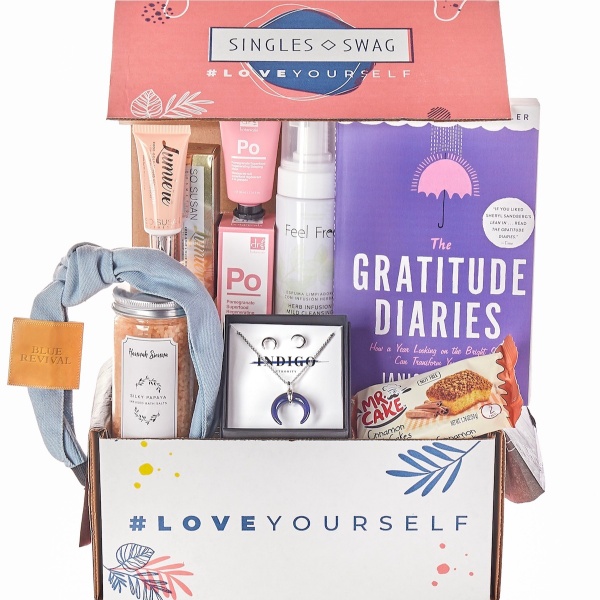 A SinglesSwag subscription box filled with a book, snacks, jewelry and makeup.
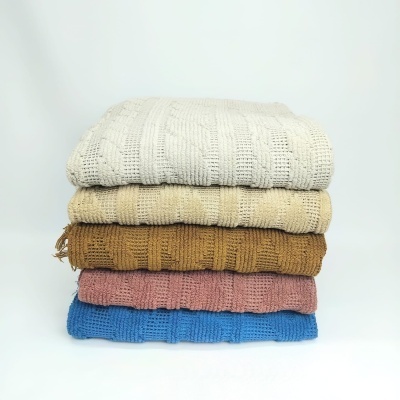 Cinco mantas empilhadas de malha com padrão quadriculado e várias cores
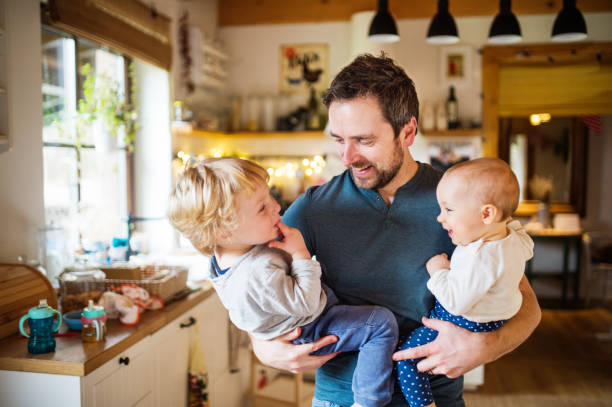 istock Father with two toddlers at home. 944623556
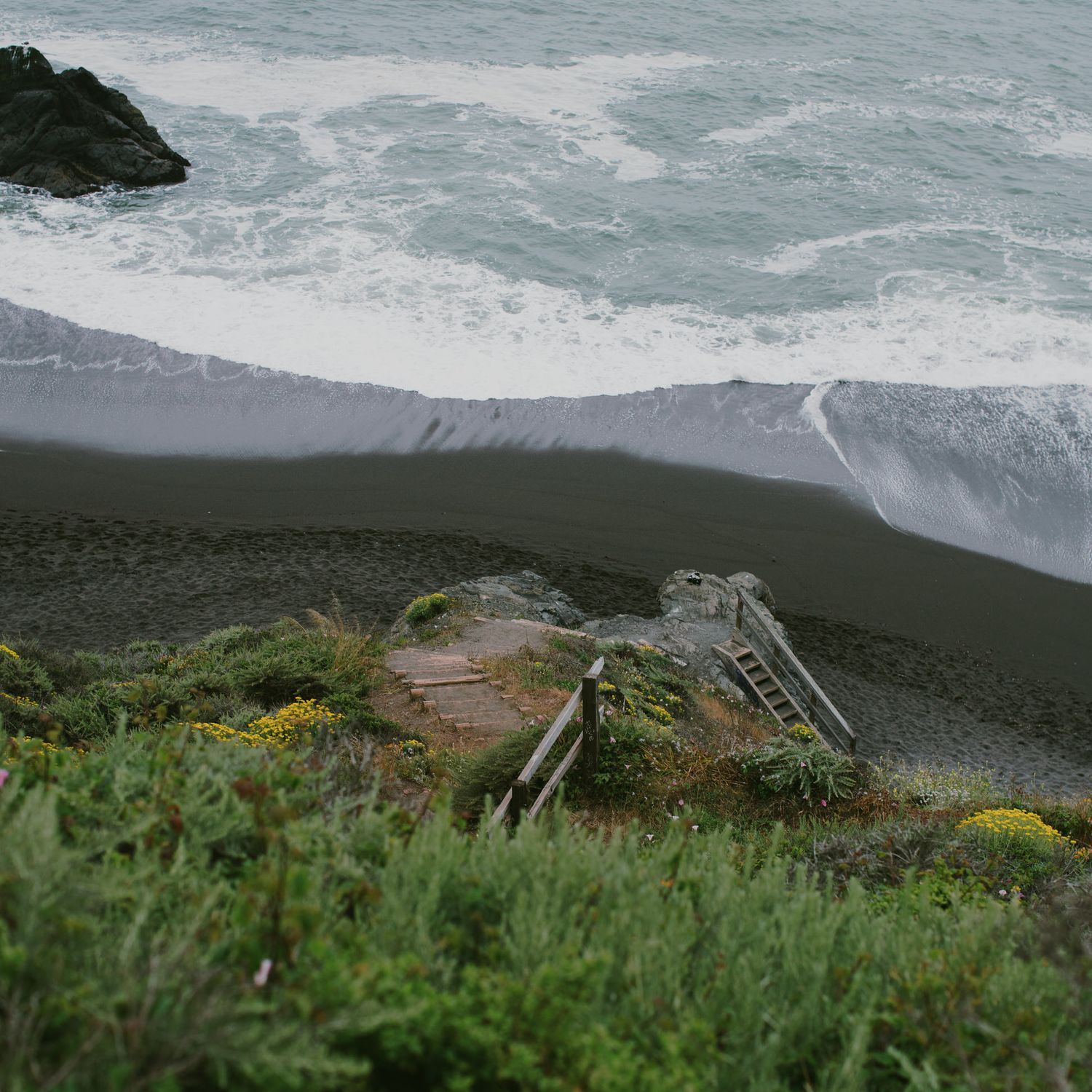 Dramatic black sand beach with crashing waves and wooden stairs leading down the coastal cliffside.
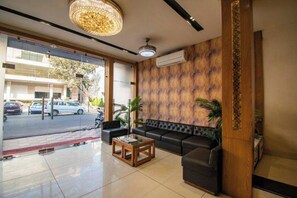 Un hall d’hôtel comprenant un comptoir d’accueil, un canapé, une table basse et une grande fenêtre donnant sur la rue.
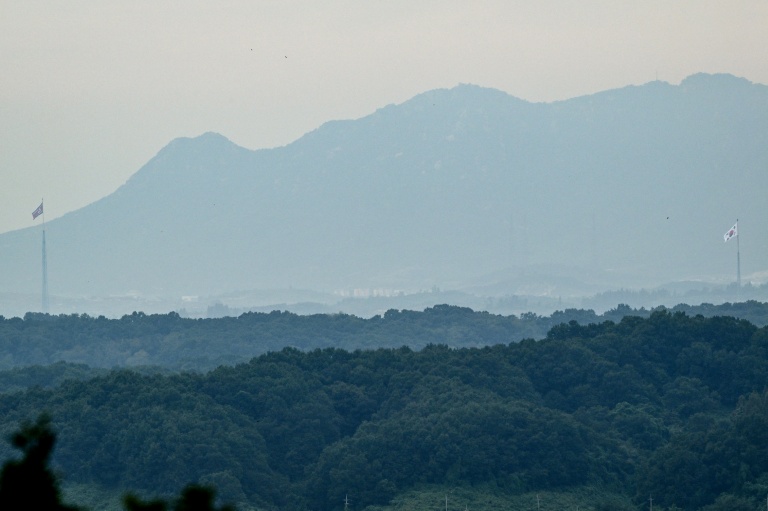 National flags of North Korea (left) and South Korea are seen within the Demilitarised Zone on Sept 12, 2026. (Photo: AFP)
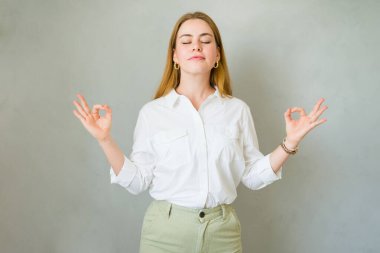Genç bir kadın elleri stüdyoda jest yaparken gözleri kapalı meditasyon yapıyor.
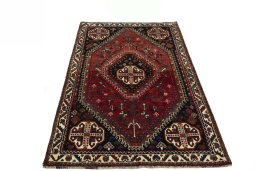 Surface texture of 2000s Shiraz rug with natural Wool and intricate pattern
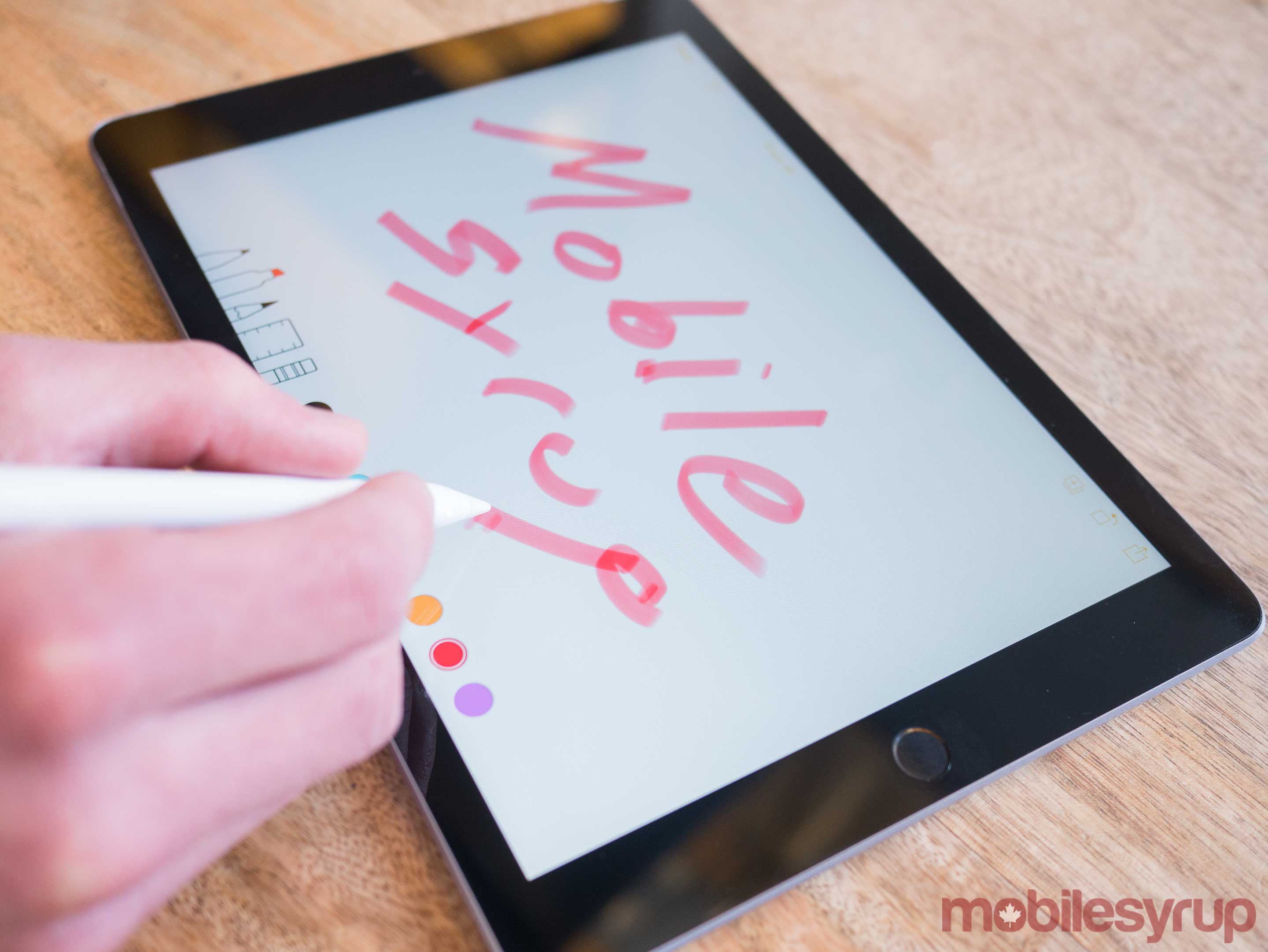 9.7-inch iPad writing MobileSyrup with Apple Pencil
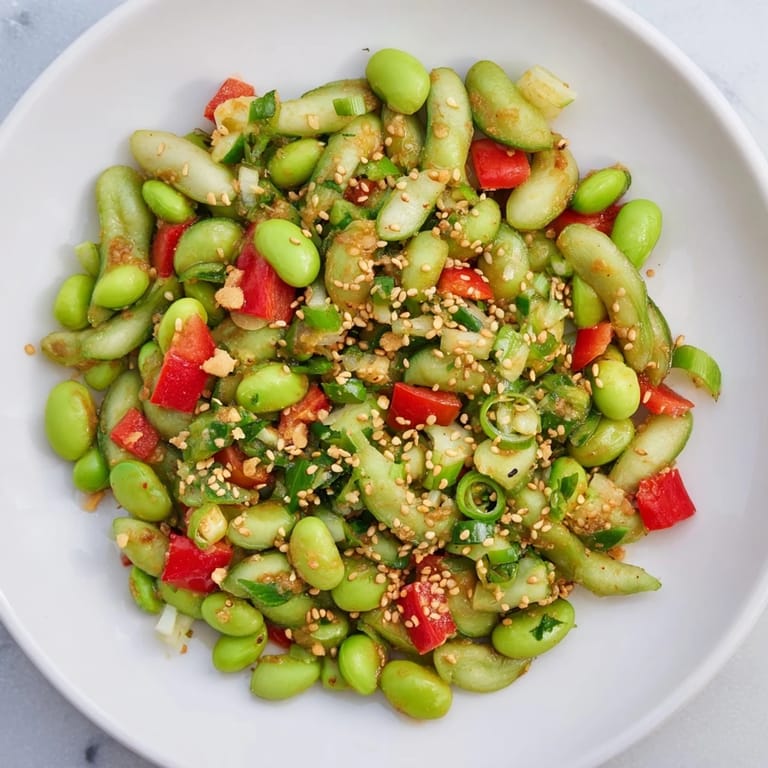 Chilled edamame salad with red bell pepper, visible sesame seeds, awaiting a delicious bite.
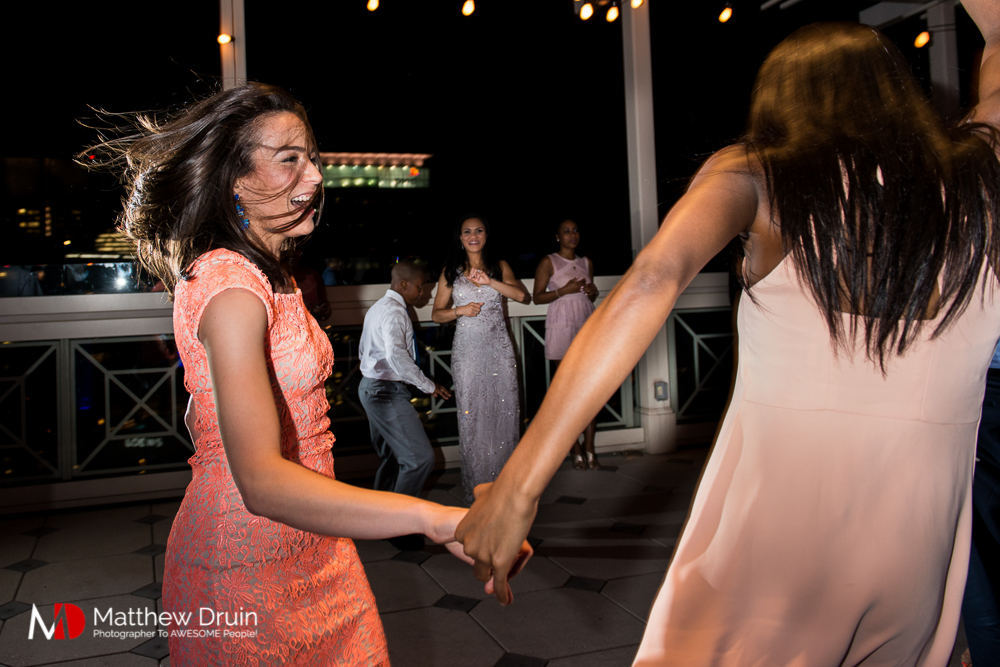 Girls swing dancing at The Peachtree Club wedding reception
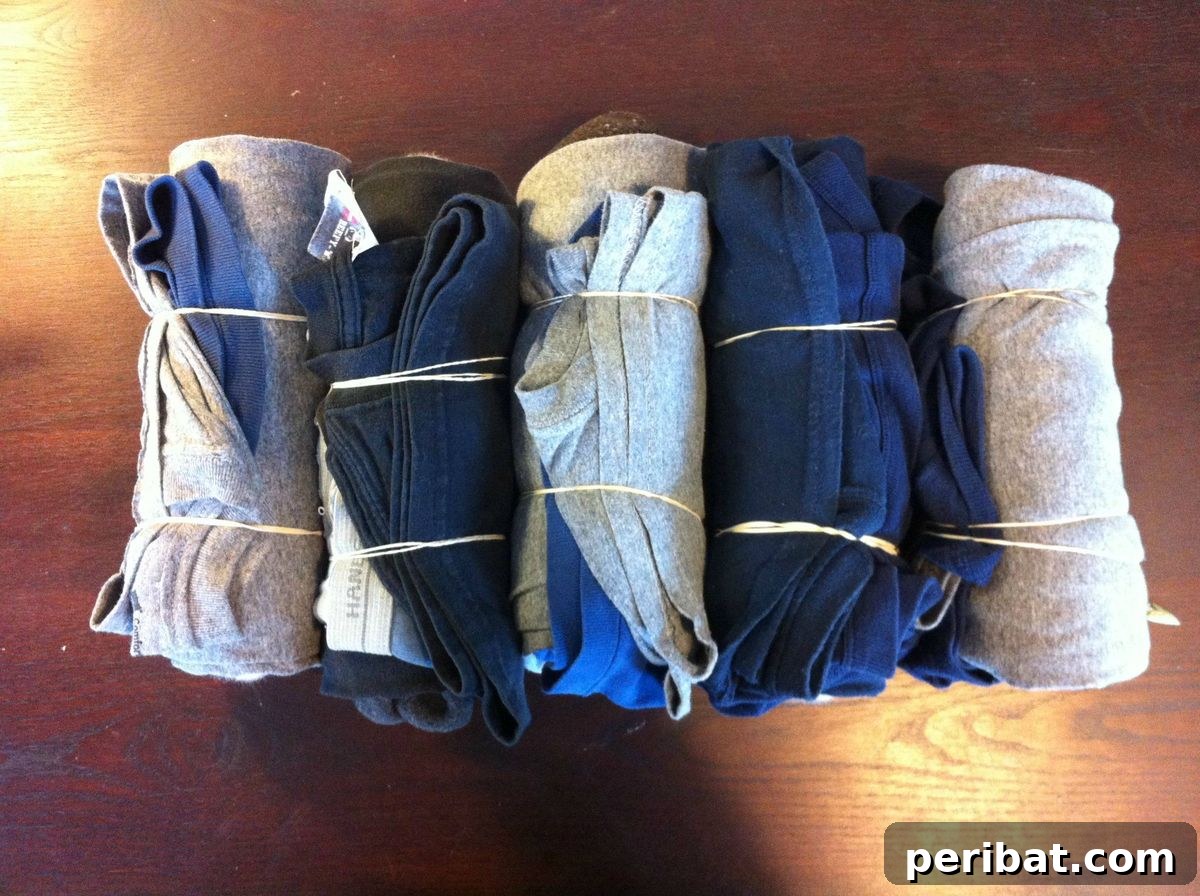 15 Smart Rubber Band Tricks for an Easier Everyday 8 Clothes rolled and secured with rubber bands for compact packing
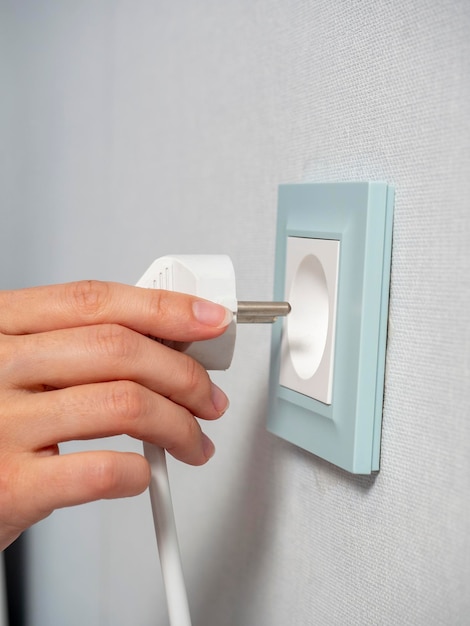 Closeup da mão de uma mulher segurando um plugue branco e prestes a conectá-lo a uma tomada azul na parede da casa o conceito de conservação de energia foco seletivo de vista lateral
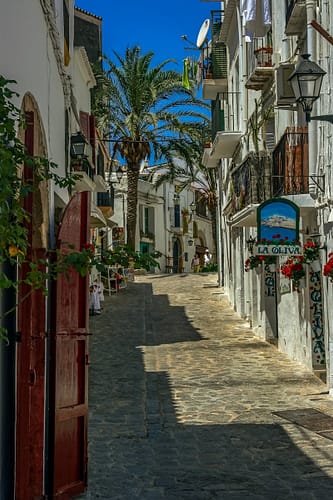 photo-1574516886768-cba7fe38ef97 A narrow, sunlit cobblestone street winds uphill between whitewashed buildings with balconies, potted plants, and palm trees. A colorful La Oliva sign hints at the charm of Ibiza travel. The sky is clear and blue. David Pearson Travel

* [TASK INSTRUCTIONS] Your answer must be an exact reproduction of all entries, containing no pictures.

* [EXERCISE RESULT]
 A SinglesSwag subscription box filled with a book, snacks, jewelry and makeup.
 Cinco mantas empilhadas de malha com padrão quadriculado e várias cores
 istock Father with two toddlers at home. 944623556
 Dramatic black sand beach with crashing waves and wooden stairs leading down the coastal cliffside.
 Un hall d’hôtel comprenant un comptoir d’accueil, un canapé, une table basse et une grande fenêtre donnant sur la rue.
 National flags of North Korea (left) and South Korea are seen within the Demilitarised Zone on Sept 12, 2026. (Photo: AFP)
Genç bir kadın elleri stüdyoda jest yaparken gözleri kapalı meditasyon yapıyor.
 Surface texture of 2000s Shiraz rug with natural Wool and intricate pattern
 9.7-inch iPad writing MobileSyrup with Apple Pencil
 Chilled edamame salad with red bell pepper, visible sesame seeds, awaiting a delicious bite.
 Girls swing dancing at The Peachtree Club wedding reception
 15 Smart Rubber Band Tricks for an Easier Everyday 8 Clothes rolled and secured with rubber bands for compact packing
 Closeup da mão de uma mulher segurando um plugue branco e prestes a conectá-lo a uma tomada azul na parede da casa o conceito de conservação de energia foco seletivo de vista lateral
 photo-1574516886768-cba7fe38ef97 A narrow, sunlit cobblestone street winds uphill between whitewashed buildings with balconies, potted plants, and palm trees. A colorful La Oliva sign hints at the charm of Ibiza travel. The sky is clear and blue. David Pearson Travel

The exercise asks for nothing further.